§ **PROBLEM TO WORK ON**: Below are some entries. Repeat exactly the lines from the one with "Black Logitech K780" through the one with "An elevated aerial", and only those.

§ **DATASET CONTENT**:
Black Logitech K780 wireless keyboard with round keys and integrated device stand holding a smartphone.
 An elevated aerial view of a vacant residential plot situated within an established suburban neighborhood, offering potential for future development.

...

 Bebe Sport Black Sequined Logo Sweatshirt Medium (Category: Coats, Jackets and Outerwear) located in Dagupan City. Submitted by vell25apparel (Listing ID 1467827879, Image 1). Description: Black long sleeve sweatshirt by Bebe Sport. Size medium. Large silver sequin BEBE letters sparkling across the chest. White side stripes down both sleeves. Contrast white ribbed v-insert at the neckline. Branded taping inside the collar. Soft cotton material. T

* * *

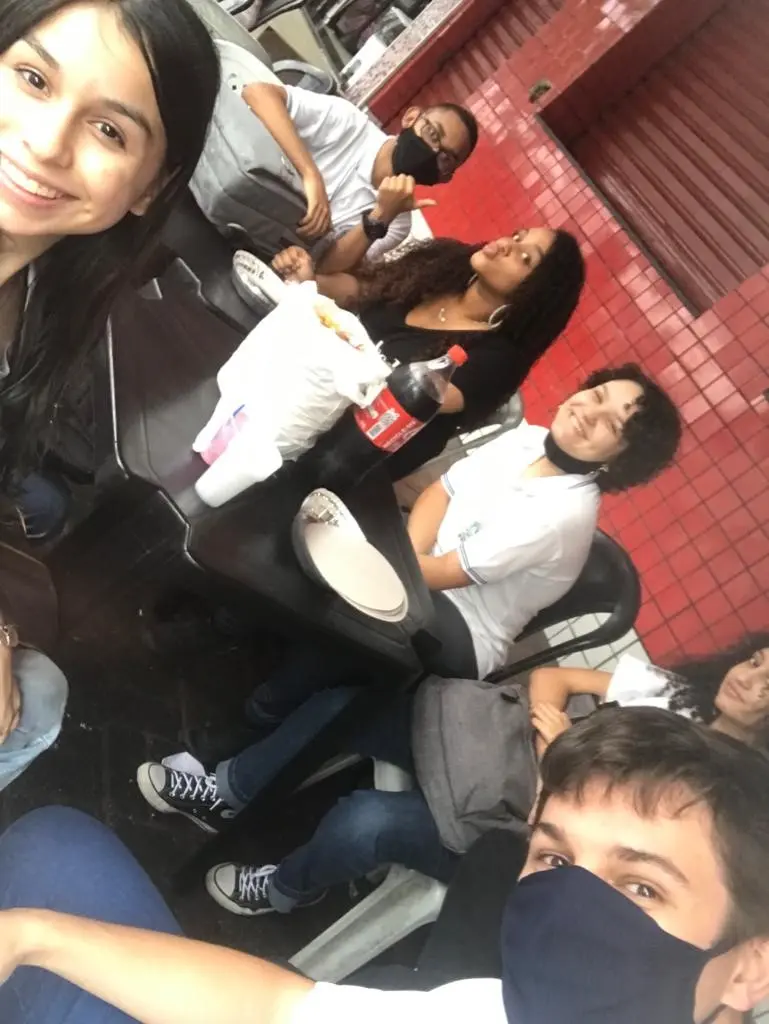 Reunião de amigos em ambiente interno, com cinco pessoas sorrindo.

§ **ANSWER**:
Black Logitech K780 wireless keyboard with round keys and integrated device stand holding a smartphone.
 An elevated aerial view of a vacant residential plot situated within an established suburban neighborhood, offering potential for future development.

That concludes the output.